At the end of class one day, I made the comment, "A black belt is just a white belt who didn't quit." Later, it came to my attention that at least one student entirely missed my point.
There are always those students who struggle with the idea of rank and with the concept of respect within the martial arts. I've even encountered a few (thankfully very, very few) students who seem to want to turn the idea of rank on its head. They expect the higher ranking students to show them unreasonable respect, to follow their wishes, to teach what and when and how the white belt demands it, and they expect the Sensei to promote them when the student wants. Such students will attempt to argue with an instructor as to whether a technique was done correctly, will claim it is disprespectful to be asked to participate fully in a class, and will often simply refuse to do what is requested of them.

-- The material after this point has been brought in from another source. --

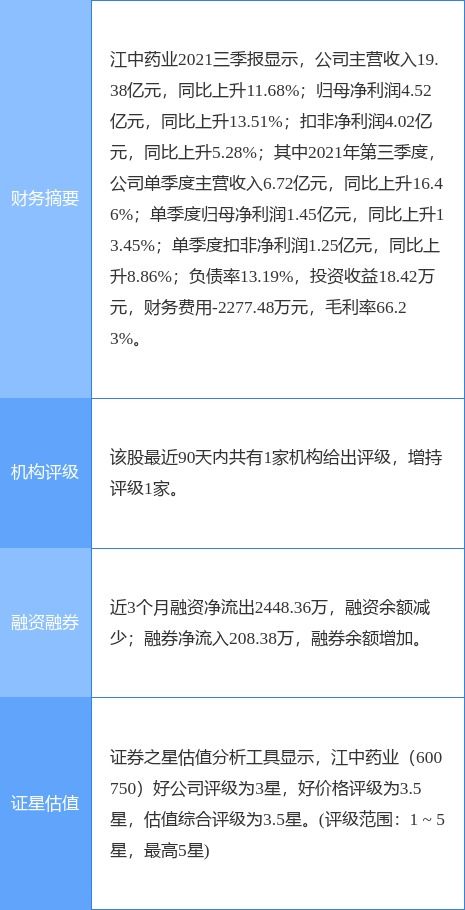 江中藥業(yè)2021年凈利潤(rùn)同比增長(zhǎng)6.74%，計(jì)劃每10股派發(fā)6.5元并布局食品互聯(lián)網(wǎng)銷(xiāo)售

Our dojo isn't overly strict. We aren't "old school". We aren't terribly formal. In fact, I often tend to think that we are too relaxed. So it surprises me when a student balks at the very concept of rank and bristles at being expected to behave respectfully towards instructors and other students. These kind of students, thankfully, are rare. But they are, for the most part, unteachable. They often have their own agenda in class, and they resent that their agenda is not given priority.
In every case, those students have been adults.
And that's where I think the difficulty lies.
In our dojo, we have family classes. We line up in every class by rank and, within rank, by age. Rank is more important than age. This is something the founder of our system established. It's a bitter pill to swallow for some adults. I know. I began training as an adult and was sometimes taught by instructors younger than some of my own children. It is an exercise in humility. That's the point. Training in humility is essential in the martial arts.
Yes, a black belt is just a white belt who didn't quit. By the same token, an adult is just a baby who has lived longer...or who was born before the younger babies. But---an adult is NOT a baby. Not any more. A black belt is NOT a white belt. Not any more. That's why we don't treat adults like babies and why we no longer treat black belts like white belts.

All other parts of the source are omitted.